Il precedente esiste già nella mitologia dinastica. Come Kim Il Sung rimane costituzionalmente il “Presidente Eterno della Repubblica” anche dopo la morte, Kim Jong Un potrebbe continuare a governare attraverso video televisivi, ispezioni militari e annunci politici generati artificialmente. In un paese dove i cittadini comuni non hanno accesso a una rete internet aperta, dove ogni smartphone è collegato solo a una rete nazionale censurata e dove persino le app devono essere acquistate in negozi fisici approvati dal governo, distinguere tra il Kim reale e quello sintetico diventerebbe quasi impossibile. Per un regime che ha sempre controllato la narrazione attraverso la disinformazione sistematica, mantenere l’illusione della leadership intatta non richiederebbe altro che telecamere e algoritmi sufficientemente sofisticati.

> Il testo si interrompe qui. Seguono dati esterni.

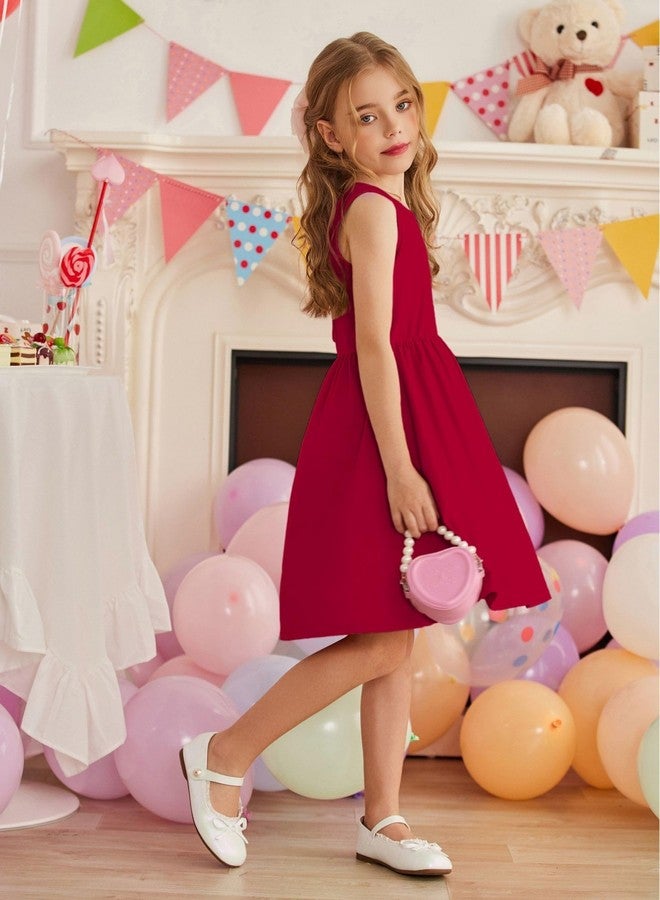 آرشنر فستان أحمر للبنات الصغيرات من أرشينر، مناسب لعيد الفصح، عيد الحب، الشاطئ، بوهو، عيد الميلاد، الزفاف، فساتين صيفية رائعة للأطفال الصغار، مقاس 3T - Image 4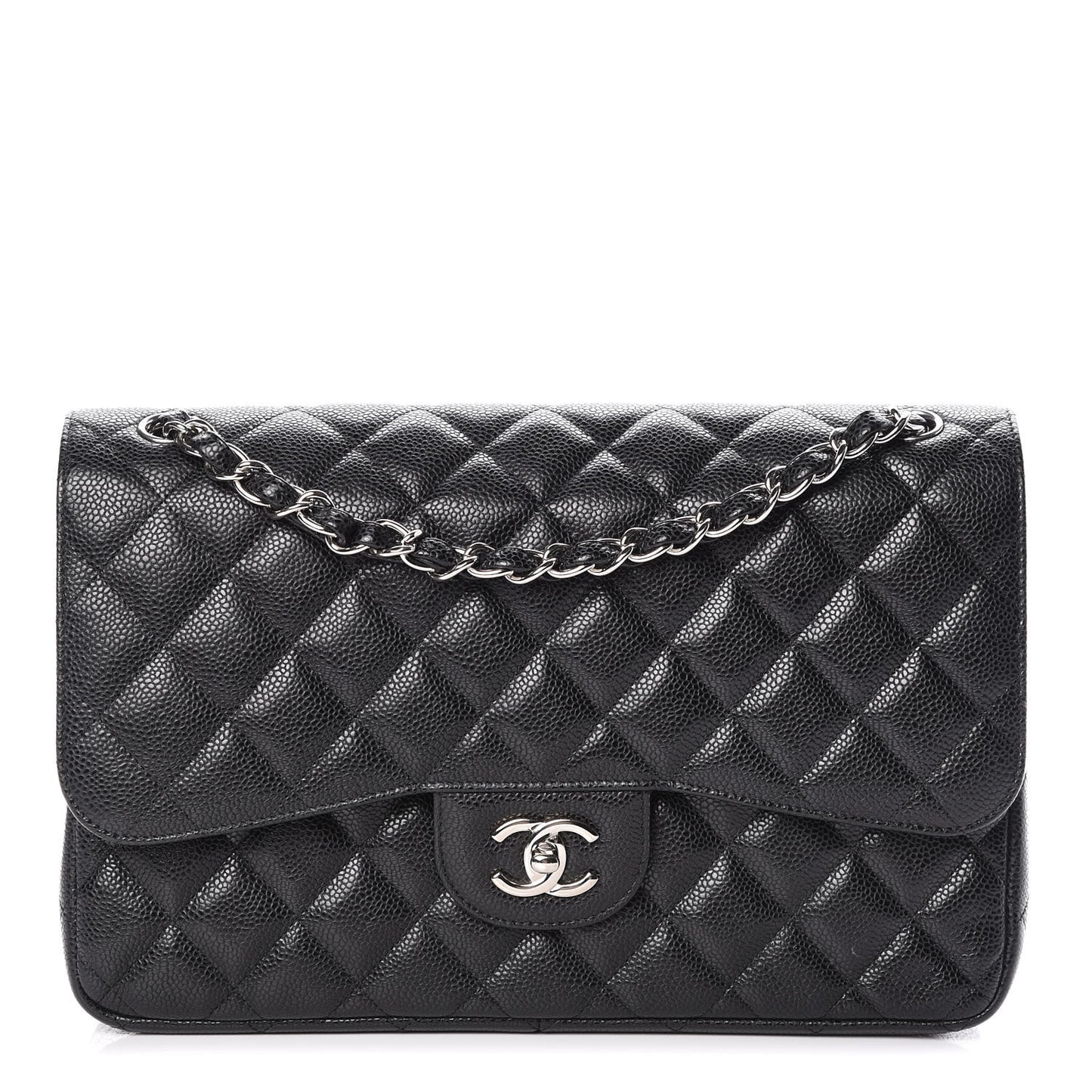 Caviar Quilted Jumbo Double Flap Black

Il paradosso finale della successione dinastica assumerebbe così una forma imprevista. Mentre Kim Jong Un orchestra con cura le apparizioni pubbliche di Kim Ju Ae per preparare la quarta generazione al potere, la tecnologia gli offre un’alternativa che potrebbe rimandare indefinitamente quella transizione. Un Kim digitalmente immortale potrebbe continuare a dirigere operazioni militari, autorizzare attacchi nucleari o mantenere l’ordine interno, creando una situazione dove persino i funzionari di alto livello potrebbero non sapere con certezza se il loro leader sia ancora vivo, ipotizza The Diplomat. In un contesto diplomatico, dove l’ambiguità può essere catastrofica, un deepfake del leader nordcoreano che dichiara guerra o minaccia ritorsioni nucleari costringerebbe la comunità internazionale a prendere decisioni cruciali senza il tempo necessario per verificare l’autenticità del messaggio. La dinastia Kim, nata dal culto del leader immortale, potrebbe così realizzare letteralmente la propria promessa di eternità. Fantascienza? Forse. Ma in un paese dove la realtà ha sempre sfidato l’immaginazione, anche gli scenari più improbabili meritano considerazione.

FONTI: RFA, Asia Press, Daily NK, South China Morning Post, The Straits Times, North Korea Leadership Watch, Korean Central News Agency, Asahi Shimbun, Diplomat

 *articolo apparso su substack.com l’8 luglio 2025.